В результате такого исследования было показано расхождение (порой значительное) между восприятием политика на рациональном, вербальном, уровне и на бессознательном. Так, Г. Явлинский на рациональном уровне не слишком высоко оценивался с точки зрения внешней привлекательности, его наиболее уязвимым местом считалась внешность, хотя положительно воспринималась сила и активность. На бессознательном же уровне привлекательность не ставилась под сомнение, хотя сила оценивалась не слишком высоко. В. Жириновский оценивался на рациональном уровне как внешне привлекательный политик, но морально-политические качества воспринимались крайне негативно. Сила и агрессивность признавались всеми, но большинством со знаком минус. На бессознательном уровне его мужественность не подвергалась сомнению, хотя запахи вызывали самые неприятные ассоциации, а цвета — самые темные. Литературный прототип — отрицательный. Активность — высокая, имеющая агрессивный оттенок. Главный вывод этого исследования состоял в том, что оценка привлекательности для российского избирателя основывалась на личностных, человеческих, а не профессиональных качествах политика[332].

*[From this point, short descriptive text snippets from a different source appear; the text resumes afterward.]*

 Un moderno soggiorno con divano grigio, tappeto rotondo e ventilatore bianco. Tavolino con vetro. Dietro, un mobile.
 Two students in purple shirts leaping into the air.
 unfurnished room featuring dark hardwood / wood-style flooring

Психолингвистические методики, такие как семантический дифференциал, кластерный анализ фразеологизмов, множественных идентификаций, могут быть чрезвычайно плодотворны при исследовании обыденного правосознания, стереотипов межличностного (межгруппового, межэтнического и межкультурного) восприятия, а также для изучения нерефлексируемых смысловых оттенков правовых явлений и могут активно использоваться в юриспруденции.

Так, семантический дифференциал — это измерительная техника, основанная на применении факторного анализа к исследованию значений. По мнению ее разработчика Ч. Осгуда, это применение процедур шкалирования к контролируемым ассоциациям. С помощью многочисленных исследований им были выделены три универсальных фактора, с помощью которых можно измерять различные проявления человеческой деятельности: оценка, сила и активность[333]. Тем самым они выступают универсальной эмоционально-оценочной формой любой классификации и на их основе можно построить частные семантические пространства для любых понятийных классов с неограниченным расширением набора ведущих базисных факторов, используя набор прилагательных-антонимов[334].

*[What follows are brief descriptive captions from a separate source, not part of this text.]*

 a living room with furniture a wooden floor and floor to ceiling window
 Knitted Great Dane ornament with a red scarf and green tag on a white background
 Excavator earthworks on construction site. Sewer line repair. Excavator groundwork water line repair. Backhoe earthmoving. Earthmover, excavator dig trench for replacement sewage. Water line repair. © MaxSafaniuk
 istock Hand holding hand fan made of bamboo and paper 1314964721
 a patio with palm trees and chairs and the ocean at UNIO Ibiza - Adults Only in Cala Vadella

Кластерный анализ фразеологизмов состоит в свободной классификации некоторого количества фразеологизмов с последующим объяснением основания такой классификации. Это достаточно сложный по выполнению анализ, позволяющий определить семантические значения объектов и явлений в рамках определенной культуры[335].

Методика множественной идентификации состоит в исследовании степени корреляции объекта психолингвистического эксперимента, (например, политика, набора поступков, ситуаций, себя) с выделенными «социально значимыми другими», типовыми ситуациями. В этой связи весьма интересны результаты социально одобряемых и неодобряемых поступков с точки зрения представителей различных культур[336].

Таковы достаточно перспективные, как представляется, методики качественного юридического исследования. Большинство из них являются новыми для юридической науки, требующими специальной проработки для адаптации к правовой реальности. Однако их эвристическая ценность не вызывает сомнения, поэтому чем раньше они войдут в инструментарий юридических исследований, тем быстрее следует ожидать от них научных результатов, адекватных вызовам современности.